Body Void/Keeper – Split (Review)

Body Void Keeper - SplitBody Void and Keeper are both US doom/sludge bands, and they have teamed up to deliver this split.

Both Body Void, (I Live Inside a Burning House/You Will Know the Fear You Forced upon Us), and Keeper, (Split with Sea Bastard/The Space Between Your Teeth/Split with Old Witch), have released some sterling doom releases over the years, so both of them together in one place is reason to be very excited indeed.

We start with Body Void, who give us the song Androgyne, a 14-minute behemoth.

As you’d expect from Body Void, Androgyne is colossally heavy and wickedly bludgeoning. The feedback-drenched distortion sounds like a heavier Knanate, only one that’s also capable of speeding things up on occasion.

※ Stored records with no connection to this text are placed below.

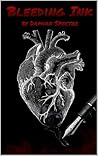 Bleeding Ink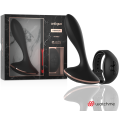 Plug Control a DistanciaL VERNET
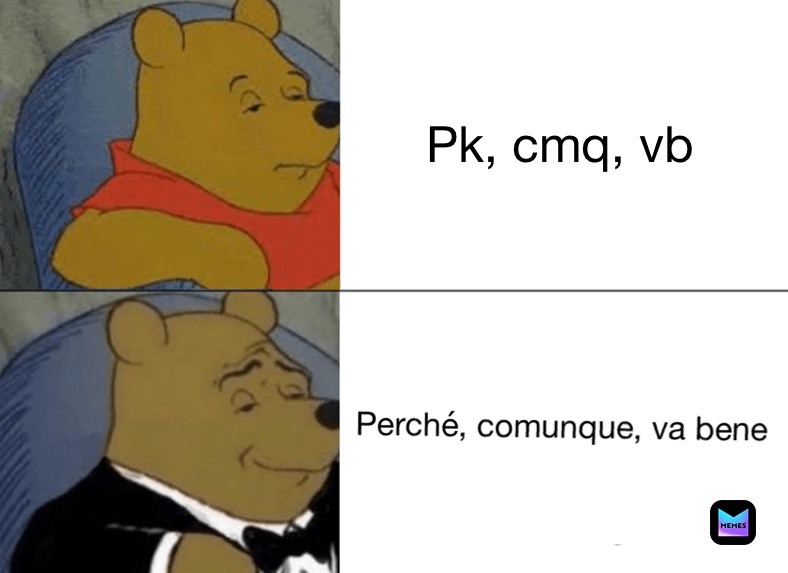 Meme by frankfirethebest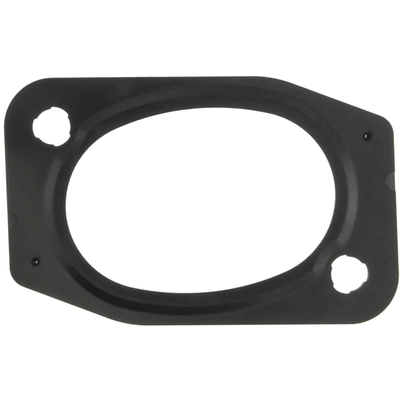 Exhaust Crossover Gasket by MAHLE ORIGINAL - F32667 pa1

This happens on Androgyne roughly halfway through, where the band break into crushing crusty speed. Even when playing blast beats, the band are still heavy as Hell. Body Void’s music seems to be powered by a rage that fuels the slabs of vicious glacial sludge with burning hatred and passionate righteous anger. The band’s songs are more on the destructively angry side of the doom scale, rather than the despondent, mournful one; Androgyne is a great example of this, and another extremely strong outing for the band.

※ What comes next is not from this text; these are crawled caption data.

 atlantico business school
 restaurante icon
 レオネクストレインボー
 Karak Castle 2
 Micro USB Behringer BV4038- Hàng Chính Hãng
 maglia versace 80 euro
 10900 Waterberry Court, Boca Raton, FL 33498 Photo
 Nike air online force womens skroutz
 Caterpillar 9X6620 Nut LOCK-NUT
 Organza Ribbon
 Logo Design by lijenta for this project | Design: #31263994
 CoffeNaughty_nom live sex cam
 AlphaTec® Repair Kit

Keeper have been noticeably lacking in new releases since 2015, so I’m especially pleased to hear some new work from them. They offer two tracks, clocking in at a total just shy of 18 minutes.

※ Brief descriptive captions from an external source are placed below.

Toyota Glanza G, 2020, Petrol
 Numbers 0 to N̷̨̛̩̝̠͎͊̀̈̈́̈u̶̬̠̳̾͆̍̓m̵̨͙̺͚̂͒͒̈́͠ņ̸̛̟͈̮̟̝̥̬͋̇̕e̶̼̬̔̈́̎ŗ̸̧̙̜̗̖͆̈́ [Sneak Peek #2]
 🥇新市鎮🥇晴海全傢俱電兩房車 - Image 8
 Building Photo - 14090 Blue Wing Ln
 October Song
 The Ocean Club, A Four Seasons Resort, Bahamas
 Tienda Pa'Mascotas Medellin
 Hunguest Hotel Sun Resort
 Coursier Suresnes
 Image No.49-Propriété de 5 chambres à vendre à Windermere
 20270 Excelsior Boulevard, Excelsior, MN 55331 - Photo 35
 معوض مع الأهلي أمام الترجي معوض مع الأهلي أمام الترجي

Although ostensibly similar in style to Body Void, Keeper’s music is bleaker and more despondent. The band manage to combine harshness and heaviness with a form of harrowing atmosphere, both bludgeoning the listener and wearing them down through attrition. Opening track Trial & Error does this very well, mixing slow, tension-filled mood with groovier aggression and forlorn atmospheres. There’s even some dark melody here, and some unexpected surprises too. Trial & Error is 10 minutes of emotive nastiness, and a great way to reintroduce the world to Keeper’s music. The following track – Twenty – is seven minutes of barren drone, with hope-draining guitar, feedback, other noises, and piercing screams. It’s an unforgiving and merciless display of sonic warfare.

Releases like this are one of the reasons why I love running this site. I urge you to check this out, as doom/sludge fans should rejoice at this.